Ms. Ennslin: My grandfather lived in it when they came from Switzerland. 

Tape goes off, then back on 

Ms. Ennslin: Crock (sic) pies; we used to make crock pies and Charlie Bevins (sic) would shoot (sic) them out and take them to Waynesburg to auction….got stuck in the mud. 

Tape goes off, then back on 

Ms. Ennslin: My grandfather sold a bunch of cattle and he got a couple hundred dollars for it and that night somebody came and murdered him.  They didn’t find him for a couple of days. 

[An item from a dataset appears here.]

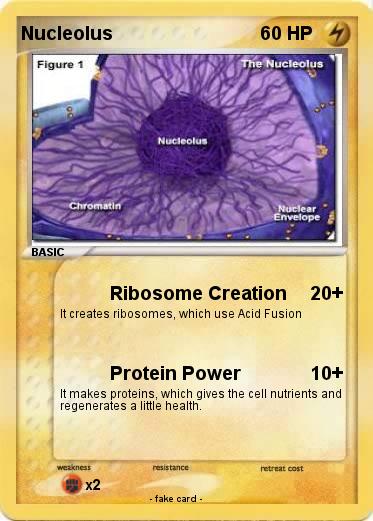 Pokemon Nucleolus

Tape goes off, then back on 

Ms. Ennslin: ….with a pair of oxen, and he got ten cents apiece for them and mostly had to take it out in trade, because he couldn’t get cash no way or how.  Do you want that, too?  And, my grandfather sold several cattle, and he got a couple hundred dollars for them and somebody murdered him that night.  They found…. 

Tape goes off, then back on 

Ms. Ennslin: My grandmother {  } died in 1888.  She was the first person buried in the Catholic cemetery. 

Mr. Reed: The same cemetery that’s down here? 

Ms. Ennslin: Uh huh (yes); in 1888. 

Tape goes off, then back on 

Ms. Ennslin: Next to (sic) the Lutheran Church his dad had a building there, and he made shoes…he made shoes, and he was the postmaster. 

Mr. Reed: That’s where the Post Office was. 

Ms. Ennslin: The Post Office…they had a Post Office at O.K (sic) when I was born, down there at Schneider’s (sic). 

Mr. Reed: Oh, there was one down there? 

Ms. Ennslin: Uh huh (yes). 

Mr. Reed: That’s where they call O.K. 

Ms. Ennslin: Yeah, that’s where O.K. is. 

Mr. Reed: Okay. 

Ms. Ennslin: Down there between Schneider’s…we used to have to go there to get our mail.  That was back when they {  } to this Post Office, later on, a few years later, but then we {  }…. 

Tape goes off, then back on 

Ms. Ennslin: There was a huckster used to come through here and they’d buy chickens and you’d get your…they’d buy chickens and eggs and you’d trade ‘em in for produce, sugar and coffee and coal oil and candy.  You always got a gumdrop on a coal oil can for the kids. 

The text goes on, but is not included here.